Pope v. Moore

729 S.W.2d 125 | Tex. App. | 1987

729 S.W.2d 125 (1987)

William H. POPE, Appellant,
v.
Ronnie Franklin MOORE and Sandra Moore, Appellees.

No. 05-86-00840-CV.

Court of Appeals of Texas, Dallas.

March 23, 1987.
Rehearing Denied May 4, 1987.

*126 Harold D. Hammett, Fort Worth, for appellant.

Thomas V. Murto III, Law Offices of R. Jack Ayres, Jr., P.C., Dallas, for appellees.

Before STEPHENS, ROWE and THOMAS, JJ.

ROWE, Justice.

William H. Pope appeals the summary rendition of judgment denying his attempt, by bill of review, to set aside a previous default judgment against him in favor of Ronnie Franklin Moore and Sandra Moore. Because the summary judgment evidence precluded as a matter of law the possibility that Pope could establish an element essential to the theory upon which he relied to establish his right to a bill of review, we affirm the trial court's judgment.

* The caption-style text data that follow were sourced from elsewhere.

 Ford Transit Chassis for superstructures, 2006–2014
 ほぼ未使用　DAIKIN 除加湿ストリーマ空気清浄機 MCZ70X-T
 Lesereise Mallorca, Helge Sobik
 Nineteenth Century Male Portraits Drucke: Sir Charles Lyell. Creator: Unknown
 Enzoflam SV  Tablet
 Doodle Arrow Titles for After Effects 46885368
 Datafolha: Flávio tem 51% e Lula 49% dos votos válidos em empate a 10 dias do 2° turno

In 1984, the Moores sued Pope to recover for injuries which Ronnie suffered while participating in a cross-country motorcycle race held on Pope's ranch. Although personally served with citation, Pope failed to answer in that suit. The trial court then rendered default judgment for the Moores after hearing evidence concerning the amount of their damages. The clerk, however, allegedly failed to send Pope the postcard notification of the judgment required by TEX.R.CIV.P. 239a. Seventy-eight days after judgment, Pope received a bill for the costs in the Moores' suit against him.

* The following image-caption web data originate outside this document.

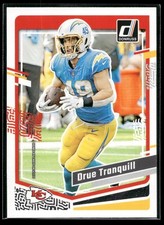 2023 Panini Donruss Drue Tranquill BASE CARD Kansas City Chiefs #156 🔥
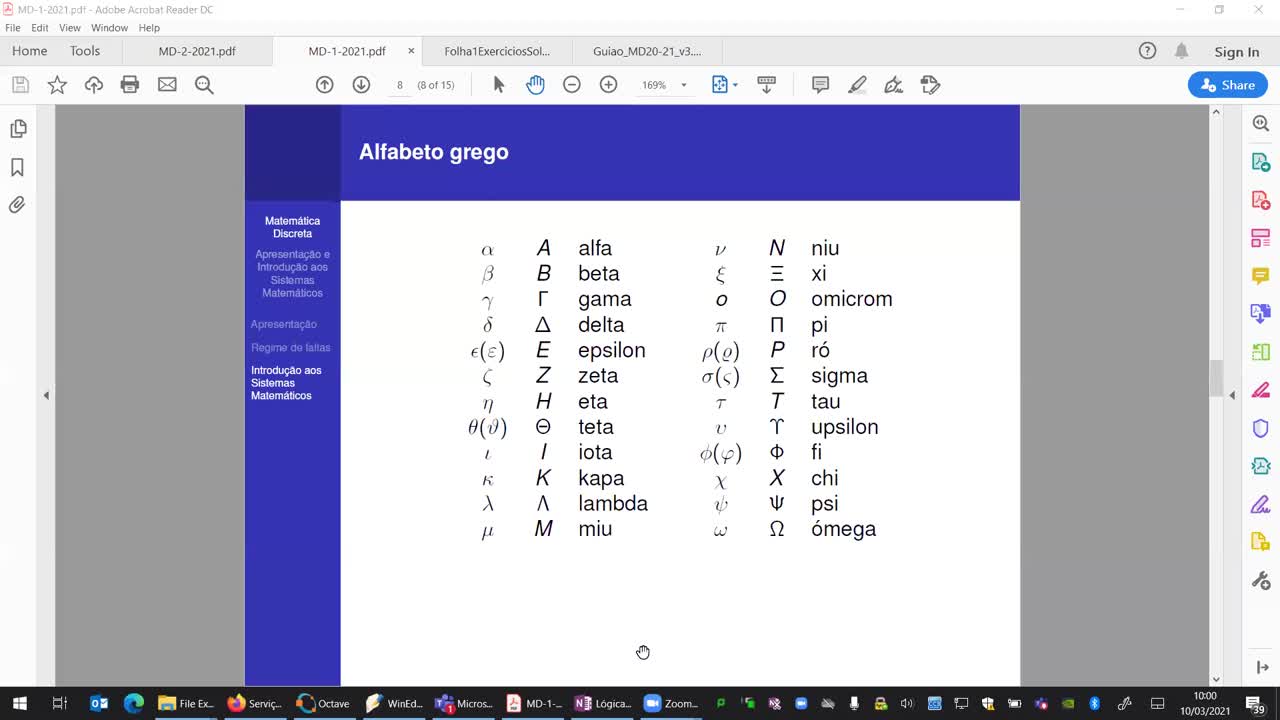  1ª aula
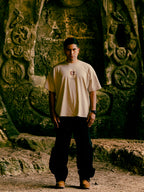 "DUALIDAD" OVERSIZE T-SHIRT.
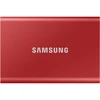 Внешний SSD Samsung 2TB T7 Portable SSD Metallic Red красный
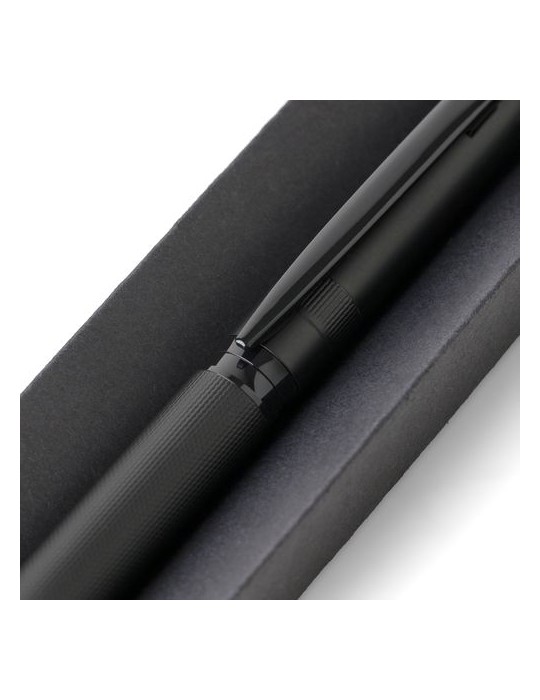 Stylo à bille twist en laiton écologique Hadi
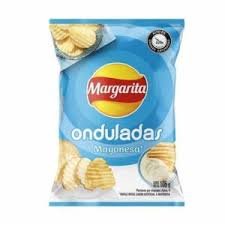 Margarita ondulada mayonesa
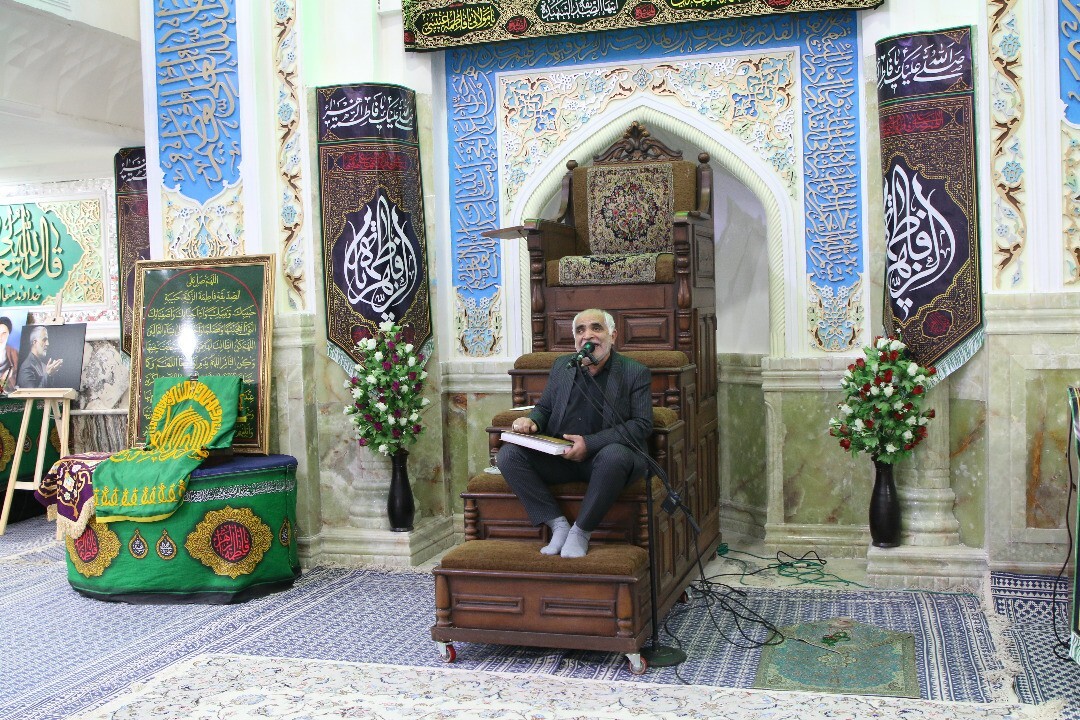 بیت الاحران بدون حاج قاسم در شب شهادت حضرت زهرا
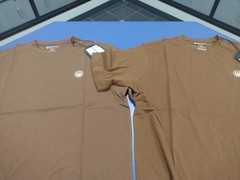 2 Official Licensed Beretta Tabacoo Brown Circle T Shirt Gun Pistol UK M / US S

One hundred eighteen days after the judgment and forty days after receiving the cost bill, Pope filed his motion for new trial, alleging that he did not actually know of the judgment until one hundred thirteen days after it had been rendered. Pope requested that his motion, which ordinarily must be filed within thirty days after the judgment is signed, be treated as timely under TEX.R.CIV.P. 306a(4). This rule extends, up to ninety days after judgment, the commencement of the thirty-day period in which to request a new trial when the movant does not learn of the judgment within twenty days of its rendition. After a hearing on Pope's motion for an extension of time and the lapse of one hundred fifty-seven days from the date of judgment, the trial court entered a written order pursuant to TEX.R.CIV.P. 306a(5) finding that all periods of time which would have otherwise commenced with the signing of the judgment actually commenced seventy-eight days later, the date on which Pope received the clerk's cost bill. Accordingly, the new trial motion was stricken as untimely. Pope appealed the default judgment by writ of error, but he did not complain of the rulings on his postjudgment motions. Although modified to reduce a portion of the damages, this judgment was in all other respects affirmed by the supreme court. Pope v. Moore, 711 S.W.2d 622, 624 (Tex.1986).

While awaiting the final outcome of his appeal, Pope initiated the present action seeking to set aside the default by a bill of review. Ordinarily, a bill of review is granted because the opposing party, through fraud, accident or mistake, prevents the party seeking review from presenting a meritorious defense in the prior suit. See Gracey v. West, 422 S.W.2d 913, 915 (Tex.1968); Alexander v. Hagedorn, 148 Tex. 565, 568-69, 226 S.W.2d 996, *127 998 (Tex.1950). However, Pope did not allege this theory of recovery. Instead, relying on Hanks v. Rosser, 378 S.W.2d 31, 35 (Tex.1964), he based his equitable claim on the theory that the clerk of the trial court prevented him from timely requesting a new trial by failing to send notice of judgment as required by rule 239a. See, e.g., Petro-Chemical Transport, Inc. v. Carroll, 514 S.W.2d 240, 244 (Tex.1974). Under this theory, Pope was required to allege and prove that his failure to answer in the prior suit was neither intentional nor the result of conscious indifference, that the clerk failed to provide the required notice of judgment, that the clerk's omission prevented him from timely filing a new trial motion, that he had a meritorious defense to the action which resulted in a default judgment, and that setting aside the default judgment would work no injury on the opposing party. See Parker v. Gant, 568 S.W.2d 163, 165 (Tex.Civ.App.— Dallas 1978, writ ref'd n.r.e.).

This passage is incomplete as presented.